What is interesting is the recent activity in bonds. Greenspan raises interest rates and the 30 year bond rate tumbles. The US Treasury announces it will buy back some 30 year bonds and the market goes ballistic. It seems that the Federal Reserve and the Treasury did not coordinate their activities. Larry Summers is no Robert Rubin. He lacks both Rubin's trading experience and his ability to read markets. This type of activity is a sure sign that those who think they are in control are beginning to stumble.
We believe that the gold market will be one of the first to suffer from a serious bout of "contract credibility" when that day finally arrives and it is discovered that the ability of certain market players to deliver the goods, as in physical metal, is seriously impaired.
Central bankers have allowed the derivatives game to get out of hand, partially because they have failed to understand it and partially because they have involved themselves in it. This involvement will eventually come back to haunt them. What would the "plunge protection team" do if it were facing a regulated derivatives market? Report its actions?
But first we need a few "stumbles" and the activity in the bond market certainly fits that category. There will be more. The rising oil price is another. That too is a market that neither Mr. Greenspan or Mr. Summers can control and yet the ongoing "good health" of the US economy is dependant upon it.
Let's see, we have rising oil prices (OPEC manipulation?), over valued stock markets (did not the Hong Kong government prop up their stock market?), a volatile gold market, funny business in the bond markets, real concerns about the health of Japan's banking system, rising commodity prices (the Russians seem to have perfected the technique of manipulating the platinum group metals), no inflation (so we are told), a boy in charge of the US Treasury, central banks involved in the derivatives markets and a commercial world awash with US paper, most of which has very little (other than a dubious liability) to back it up. That should make for an interesting year.
As we have pointed out before, certain gold mining companies are perhaps better described as hedge funds. They too are heavily involved in the "paper market". The idea that these companies can simply "unwind" their hedge positions is in itself ludicrous. These are contracts that have counter parties that we are talking about. Where would the gold come from, the gold that they would be required to purchase in the market so they could deliver the goods, as in unwind their hedge positions? Just as ludicrous is a belief in the "Washington Agreement" holding together. Central Banks cannot cease leasing gold, certainly not without destroying the paper market in the process. Eventually they will cease these activities because they have to, but that day has not yet arrived.
Market manipulation via derivative contracts is the name of the game at present. Most markets are being manipulated. Greenspan's problem is twofold. He knows that certain market activities have worked in the past but unfortunately for him Wall Street knows this as well. How he slows the economy down and provides a cushion at the same time will be interesting to observe, especially if Mr. Summers is providing assistance. Assistance we might add that may have a distinct democrat flavor attached to it.

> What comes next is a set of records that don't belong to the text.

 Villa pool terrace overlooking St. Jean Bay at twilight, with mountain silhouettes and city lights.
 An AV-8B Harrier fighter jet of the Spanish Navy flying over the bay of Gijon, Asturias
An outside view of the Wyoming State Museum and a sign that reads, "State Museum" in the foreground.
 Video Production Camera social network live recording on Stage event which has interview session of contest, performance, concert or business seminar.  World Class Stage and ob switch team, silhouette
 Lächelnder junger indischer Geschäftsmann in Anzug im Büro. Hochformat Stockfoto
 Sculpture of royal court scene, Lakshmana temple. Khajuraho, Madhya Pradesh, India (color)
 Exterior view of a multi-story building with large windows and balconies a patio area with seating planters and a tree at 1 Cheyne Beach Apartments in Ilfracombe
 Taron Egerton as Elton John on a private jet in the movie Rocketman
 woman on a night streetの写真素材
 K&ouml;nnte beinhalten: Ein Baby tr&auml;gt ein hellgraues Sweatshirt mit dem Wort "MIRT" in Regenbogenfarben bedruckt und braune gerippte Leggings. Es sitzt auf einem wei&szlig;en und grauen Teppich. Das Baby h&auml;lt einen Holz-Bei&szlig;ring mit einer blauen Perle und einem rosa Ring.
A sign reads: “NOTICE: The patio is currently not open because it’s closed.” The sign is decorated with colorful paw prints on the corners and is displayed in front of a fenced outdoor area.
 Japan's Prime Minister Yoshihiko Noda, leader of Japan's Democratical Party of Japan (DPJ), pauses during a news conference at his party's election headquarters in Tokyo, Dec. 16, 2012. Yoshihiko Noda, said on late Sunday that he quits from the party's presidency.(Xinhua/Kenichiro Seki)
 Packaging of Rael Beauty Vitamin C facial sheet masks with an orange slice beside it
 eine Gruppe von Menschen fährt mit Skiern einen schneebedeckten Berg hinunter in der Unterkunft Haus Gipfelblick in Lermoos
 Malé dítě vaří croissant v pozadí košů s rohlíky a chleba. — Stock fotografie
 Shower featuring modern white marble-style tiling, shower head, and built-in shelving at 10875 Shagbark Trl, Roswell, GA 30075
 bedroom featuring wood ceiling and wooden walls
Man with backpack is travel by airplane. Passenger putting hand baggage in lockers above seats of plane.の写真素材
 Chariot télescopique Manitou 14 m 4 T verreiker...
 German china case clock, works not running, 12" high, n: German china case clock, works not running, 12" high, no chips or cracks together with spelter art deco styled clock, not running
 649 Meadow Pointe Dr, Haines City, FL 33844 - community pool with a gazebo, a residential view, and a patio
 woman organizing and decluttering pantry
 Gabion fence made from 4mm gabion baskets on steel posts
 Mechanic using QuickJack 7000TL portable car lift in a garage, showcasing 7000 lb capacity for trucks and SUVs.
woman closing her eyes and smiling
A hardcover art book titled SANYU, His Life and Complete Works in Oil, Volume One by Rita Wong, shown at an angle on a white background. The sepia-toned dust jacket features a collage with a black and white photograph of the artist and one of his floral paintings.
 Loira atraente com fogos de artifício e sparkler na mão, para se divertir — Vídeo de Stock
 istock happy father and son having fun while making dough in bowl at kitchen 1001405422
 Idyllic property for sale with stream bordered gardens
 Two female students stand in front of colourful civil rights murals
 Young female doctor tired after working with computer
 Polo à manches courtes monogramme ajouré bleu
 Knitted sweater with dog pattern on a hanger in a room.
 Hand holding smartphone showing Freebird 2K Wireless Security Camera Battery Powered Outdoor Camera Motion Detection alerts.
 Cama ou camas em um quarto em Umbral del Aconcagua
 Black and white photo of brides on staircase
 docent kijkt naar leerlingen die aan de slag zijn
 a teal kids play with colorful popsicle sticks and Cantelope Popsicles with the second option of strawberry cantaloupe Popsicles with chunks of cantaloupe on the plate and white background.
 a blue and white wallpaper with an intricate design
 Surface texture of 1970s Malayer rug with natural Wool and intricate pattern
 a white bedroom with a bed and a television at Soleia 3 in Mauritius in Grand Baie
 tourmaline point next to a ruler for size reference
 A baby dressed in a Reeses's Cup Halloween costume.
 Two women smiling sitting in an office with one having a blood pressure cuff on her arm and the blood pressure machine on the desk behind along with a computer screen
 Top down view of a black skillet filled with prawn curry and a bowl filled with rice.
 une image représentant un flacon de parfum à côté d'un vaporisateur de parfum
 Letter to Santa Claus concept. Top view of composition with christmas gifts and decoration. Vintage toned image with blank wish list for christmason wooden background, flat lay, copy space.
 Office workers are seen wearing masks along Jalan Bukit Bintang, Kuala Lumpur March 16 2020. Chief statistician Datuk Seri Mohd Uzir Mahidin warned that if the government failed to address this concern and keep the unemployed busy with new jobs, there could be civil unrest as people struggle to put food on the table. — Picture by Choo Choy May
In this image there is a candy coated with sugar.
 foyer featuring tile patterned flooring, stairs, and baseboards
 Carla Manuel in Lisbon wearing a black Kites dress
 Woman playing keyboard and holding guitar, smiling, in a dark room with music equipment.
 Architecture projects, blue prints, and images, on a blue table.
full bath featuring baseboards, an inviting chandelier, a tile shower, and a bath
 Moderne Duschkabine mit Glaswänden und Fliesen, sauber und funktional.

Once again, while the necessary ingredients for some type of correction are beginning to appear, things are not out of control yet. We need to remember that the last rally in gold was capped in short order and it is unlikely that this time will be different. This current rally may even see higher prices than the last. But given the complexities of this market one can expect to see gold stocks being sold into any rally, especially by some nervous gold fund managers who have over the last few months, been doing their homework.